L’action réparatrice de l’eau a été signalée de tous temps par les savants qui se sont occupés des phénomènes physiques dont notre globe est le théâtre. Il n’est donc pas étonnant que Buffon lui ait attribué une grande importance. Nous devons même ajouter immédiatement qu’il l’a beaucoup trop exagéré. Nous avons dit déjà qu’il considérait sinon la totalité, du moins la majeure partie de la masse des montagnes comme due à des dépôts de matières entraînées par les eaux ; il assignait la même origine à toutes les couches de terrains qui forment la surface de notre globe.

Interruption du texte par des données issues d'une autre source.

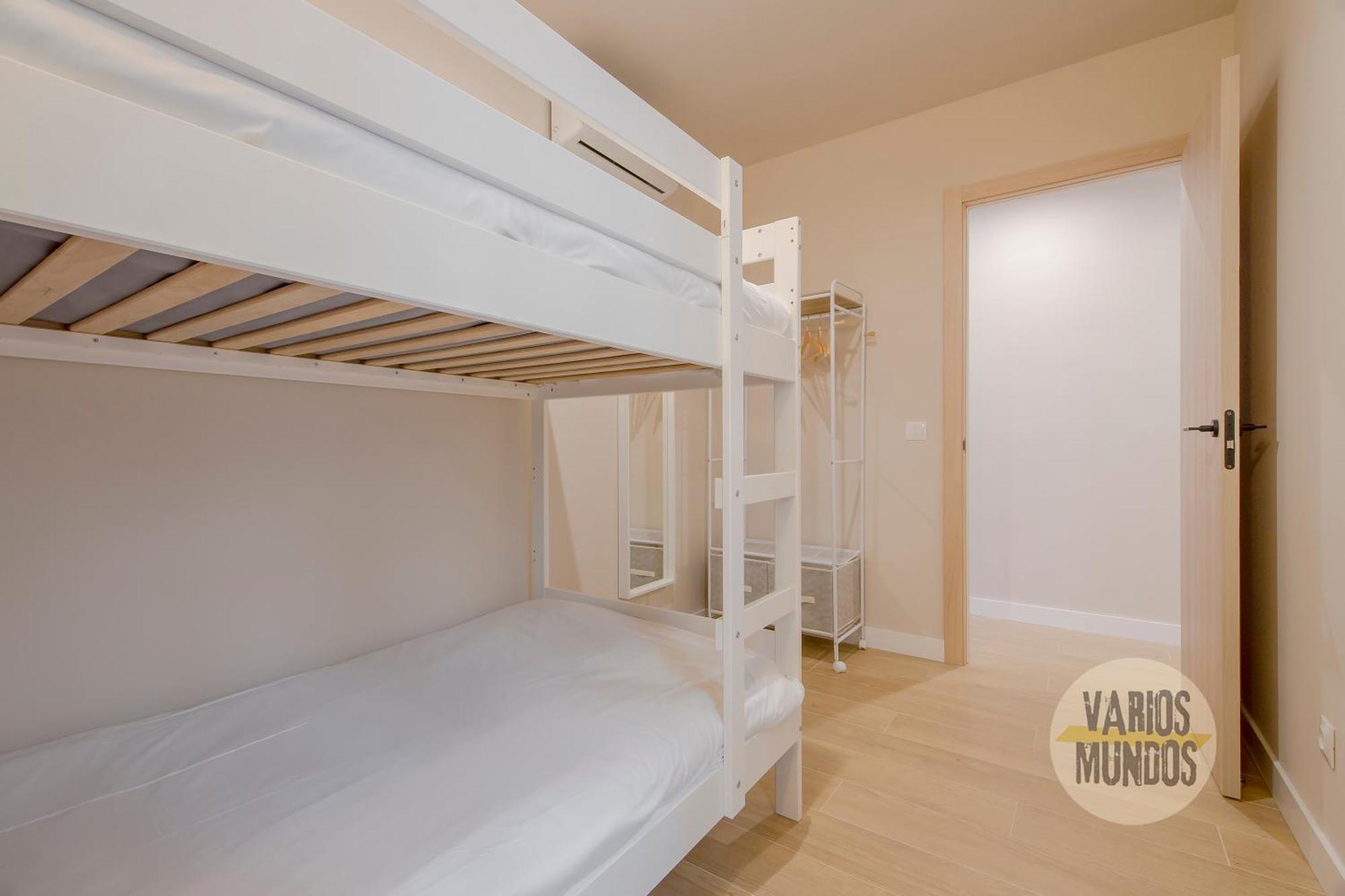 Encanto 8 En La Latina, Mira El Rio Baja E3 Apartment *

Opinion de Buffon. « On ne peut douter, dit-il[1], que les eaux de la mer n’aient séjourné sur la surface de la terre que nous habitons, et que par conséquent cette même surface de notre continent n’ait été pendant quelque temps le fond d’une mer, dans laquelle tout se passait comme tout se passe actuellement dans la mer d’aujourd’hui : d’ailleurs les couches des différentes matières qui composent la terre étant, comme nous l’avons remarqué, posées parallèlement et de niveau, il est clair que cette position est l’ouvrage des eaux qui ont amassé et accumulé peu à peu ces matières et leur ont donné la même situation que l’eau prend toujours elle-même, c’est-à-dire cette situation horizontale que nous observons presque partout ; car, dans les plaines, les couches sont exactement horizontales, et il n’y a que dans les montagnes où elles soient inclinées, comme ayant été formées par des sédiments déposés sur une base inclinée, c’est-à-dire sur un terrain penchant : or, je dis que ces couches ont été formées peu à peu, et non pas tout d’un coup, par quelque révolution que ce soit, parce que nous trouvons souvent des couches de matière plus pesante posées sur des couches de matière beaucoup plus légère, ce qui ne pourrait être, si, comme le veulent quelques auteurs, toutes ces matières dissoutes et mêlées en même temps dans l’eau se fussent ensuite précipitées au fond de cet élément, parce qu’alors elles eussent produit une tout autre composition que celle qui existe ; les matières les plus pesantes seraient descendues les premières et au plus bas, et chacune se serait arrangée suivant sa gravité spécifique, dans un ordre relatif à leur pesanteur particulière, et nous ne trouverions pas des rochers massifs sur des arènes légères, non plus que des charbons de terre sous des argiles, des glaises sous des marbres, et des métaux sur des sables.

» Une chose à laquelle nous devons encore faire attention, et qui confirme ce que nous venons de dire sur la formation des couches par le mouvement et par le sédiment des eaux, c’est que toutes les autres causes de révolution ou de changement sur le globe ne peuvent produire les mêmes effets. Les montagnes les plus élevées sont composées de couches parallèles, tout de

  1. Histoire et théorie de la terre, t. Ier, p. 41.